We can then normalize the vectors by dividing out their sizes as shown above:

\mathbf{e}_1 = {1 \over \sqrt {10}}\begin{pmatrix}3\\1\end{pmatrix}
\mathbf{e}_2 = {1 \over \sqrt{40 \over 25}} \begin{pmatrix}-2/5\\6/5\end{pmatrix}
 = {1\over\sqrt{10}} \begin{pmatrix}-1\\3\end{pmatrix}.

Numerical stability[edit]

When this process is implemented on a computer, the vectors \mathbf{u}_k are often not quite orthogonal, due to rounding errors. For the Gram–Schmidt process as described above (sometimes referred to as "classical Gram–Schmidt") this loss of orthogonality is particularly bad; therefore, it is said that the (classical) Gram–Schmidt process is numerically unstable.

The Gram–Schmidt process can be stabilized by a small modification; this version is sometimes referred to as modified Gram-Schmidt or MGS. This approach gives the same result as the original formula in exact arithmetic and introduces smaller errors in finite-precision arithmetic. Instead of computing the vector uk as

 \mathbf{u}_k = \mathbf{v}_k - \mathrm{proj}_{\mathbf{u}_1}\,(\mathbf{v}_k) - \mathrm{proj}_{\mathbf{u}_2}\,(\mathbf{v}_k) - \cdots - \mathrm{proj}_{\mathbf{u}_{k-1}}\,(\mathbf{v}_k),

it is computed as

 \begin{align}
\mathbf{u}_k^{(1)} &= \mathbf{v}_k - \mathrm{proj}_{\mathbf{u}_1}\,(\mathbf{v}_k), \\
\mathbf{u}_k^{(2)} &= \mathbf{u}_k^{(1)} - \mathrm{proj}_{\mathbf{u}_2} \, (\mathbf{u}_k^{(1)}), \\
& \,\,\, \vdots \\
\mathbf{u}_k^{(k-2)} &= \mathbf{u}_k^{(k-3)} - \mathrm{proj}_{\mathbf{u}_{k-2}} \, (\mathbf{u}_k^{(k-3)}), \\
\mathbf{u}_k^{(k-1)} &= \mathbf{u}_k^{(k-2)} - \mathrm{proj}_{\mathbf{u}_{k-1}} \, (\mathbf{u}_k^{(k-2)}).
\end{align}

Each step finds a vector  \mathbf{u}_k^{(i)} orthogonal to  \mathbf{u}_k^{(i-1)} . Thus  \mathbf{u}_k^{(i)} is also orthogonalized against any errors introduced in computation of  \mathbf{u}_k^{(i-1)} .

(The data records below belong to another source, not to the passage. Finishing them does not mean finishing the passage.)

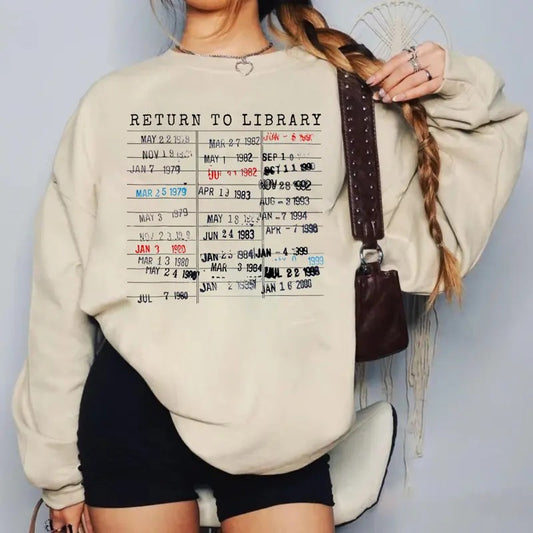 Return To Library Sweatshirt, Vintage Library Card Book Due Date Sweatshirt, Bookish Gift For Her Him, Reader Librarian...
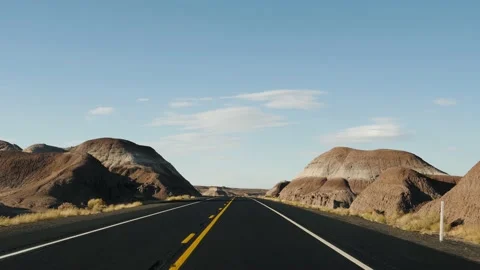 Driving On An Empty Road Through The Desert Of Death Valley USA Stock-Footage 133406769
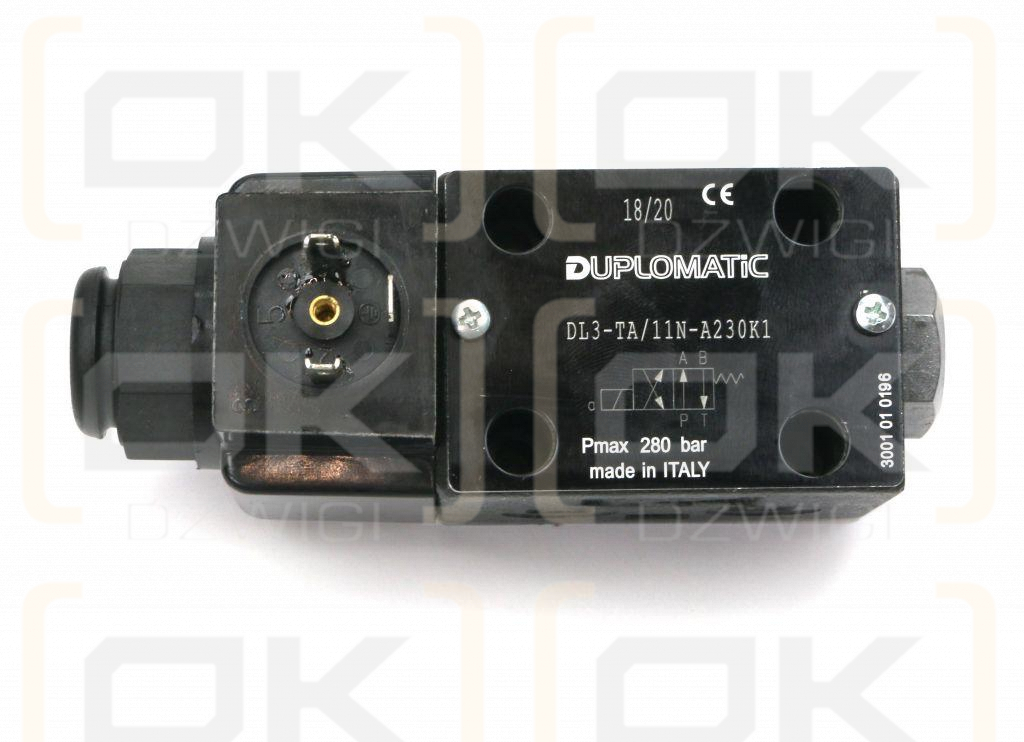 Rozdzielacz (elektrozawór) DL3-TA02/11N-A230K1 230V AC Compact 280bar, 50l/min Duplomatic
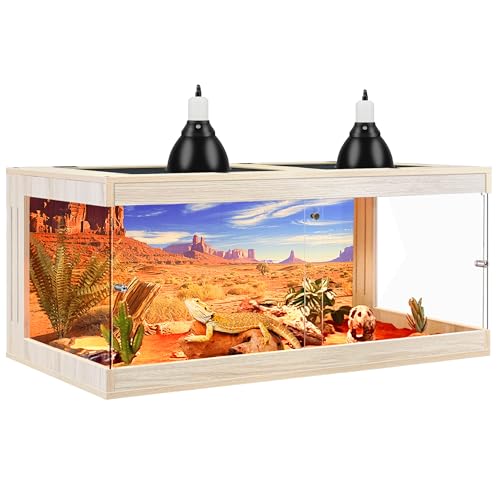 Royxen Bearded Dragon Tank, 82 Gallons Tempered Glass Reptile Terrarium with Metal Mesh Top, 3-Side Clear Anti-Scratch Glass Lizard Tank for Reptile Habitat (Oak, 48" Length) - color: Oak, size: 82Gal,48x20x20inch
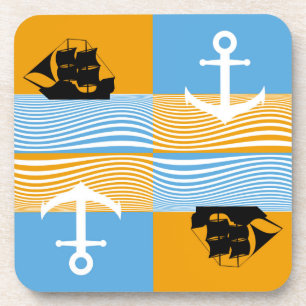 Segelboot und Ankermuster Getränkeuntersetzer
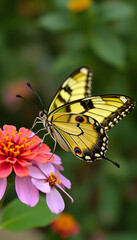 Fototapeta premium A butterfly is sitting on a yellow flower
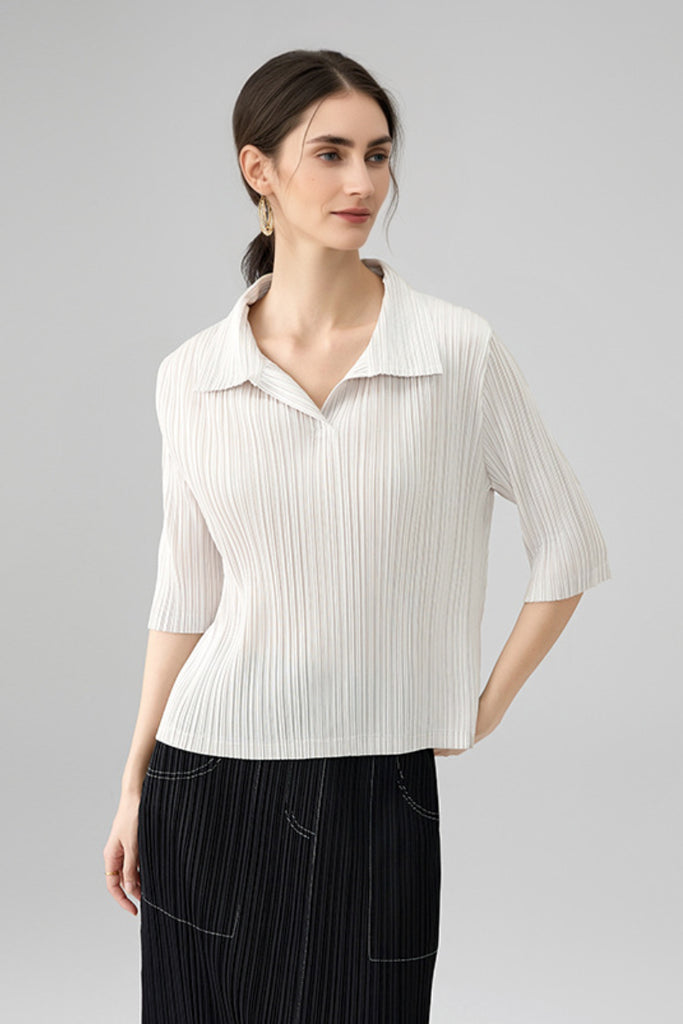 Designer-Inpired Pleated Elbow-Sleeve Polo Shirt - Fibflx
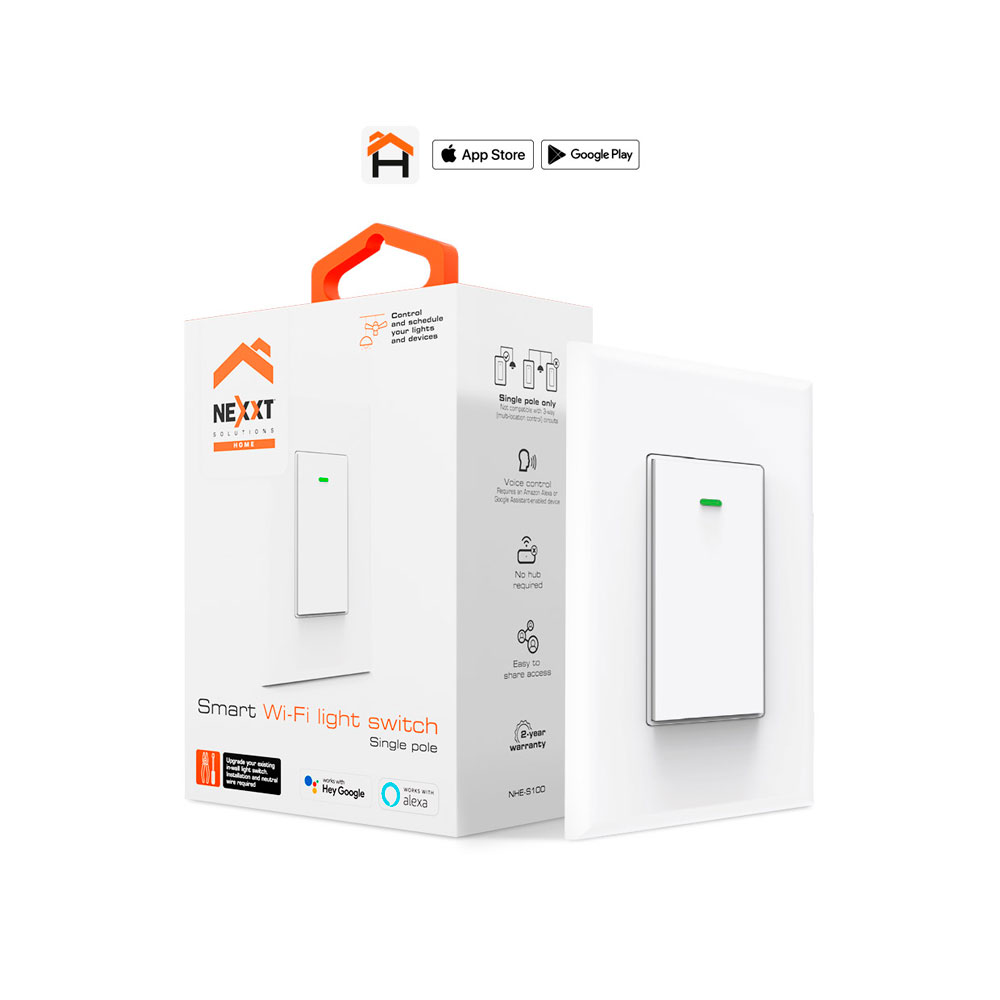 INTERRUPTOR NEXXT SWITCH 15A, 1 PUNTO MONOPOLAR WIFI - NHE-S100 -  CompuMarket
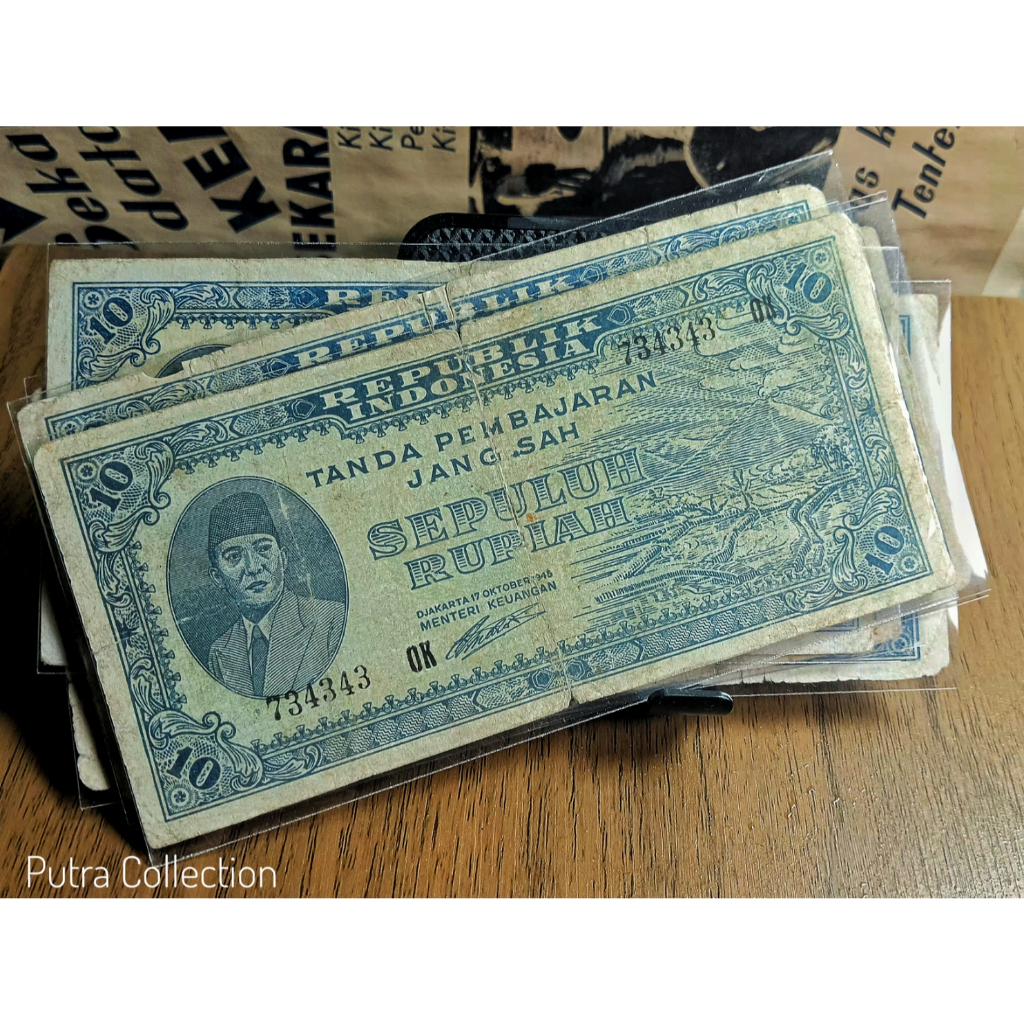 10 Rupiah Sukarno RIS 1945 / 1947 Sesuai foto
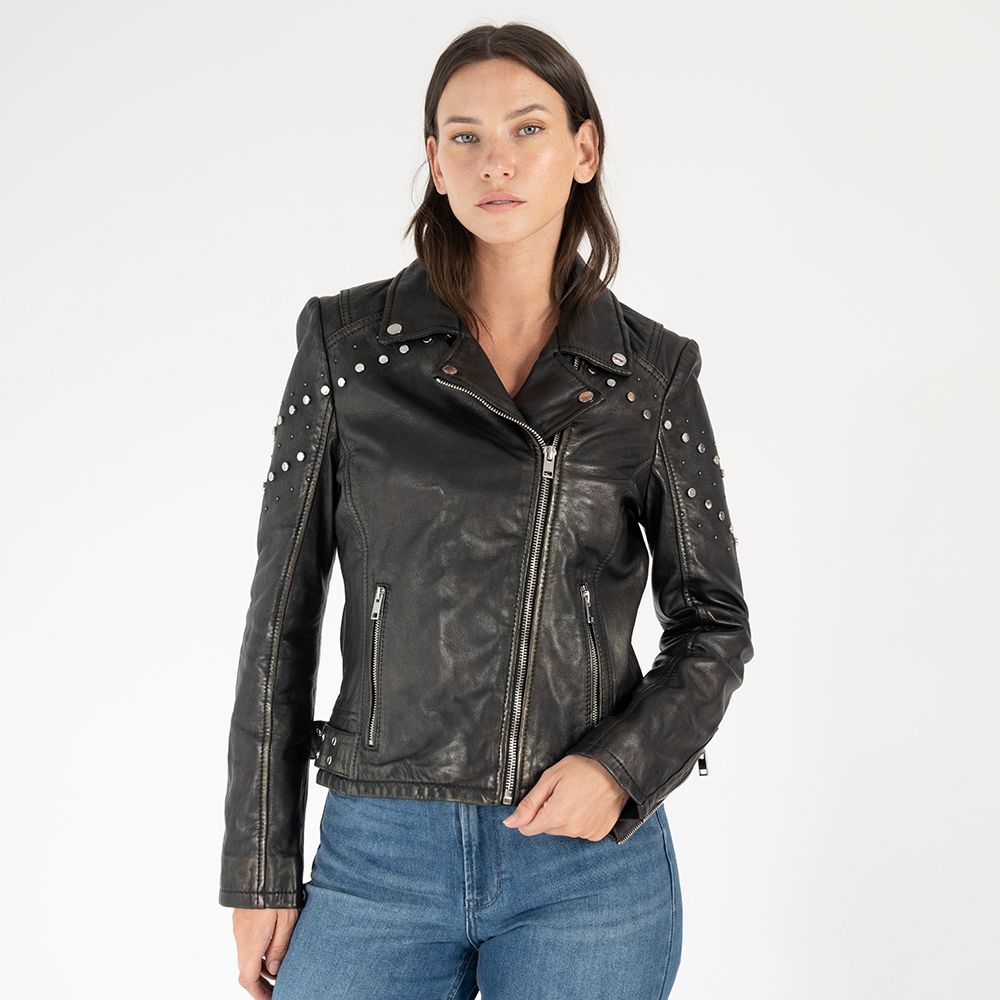 Danielle RF Leather Jacket, Black – Mauritius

This method is used in the previous animation, when the intermediate v'3 vector is used when orthogonalizing the blue vector v3.

Algorithm[edit]

The following algorithm implements the stabilized Gram–Schmidt orthonormalization. The vectors v1, ..., vk are replaced by orthonormal vectors which span the same subspace.

for i from 1 to k do
 \mathbf{v}_i \leftarrow \frac{\mathbf{v}_i}{\|\mathbf{v}_i\|} (normalize)
for j from i+1 to k do
 \mathbf{v}_j \leftarrow \mathbf{v}_j - \mathrm{proj}_{\mathbf{v}_{i}} \, (\mathbf{v}_j) (remove component in direction vi)
next j
next i

The cost of this algorithm is asymptotically 2nk2 floating point operations, where n is the dimensionality of the vectors (Golub & Van Loan 1996, §5.2.8).

Determinant formula[edit]

The result of the Gram–Schmidt process may be expressed in a non-recursive formula using determinants.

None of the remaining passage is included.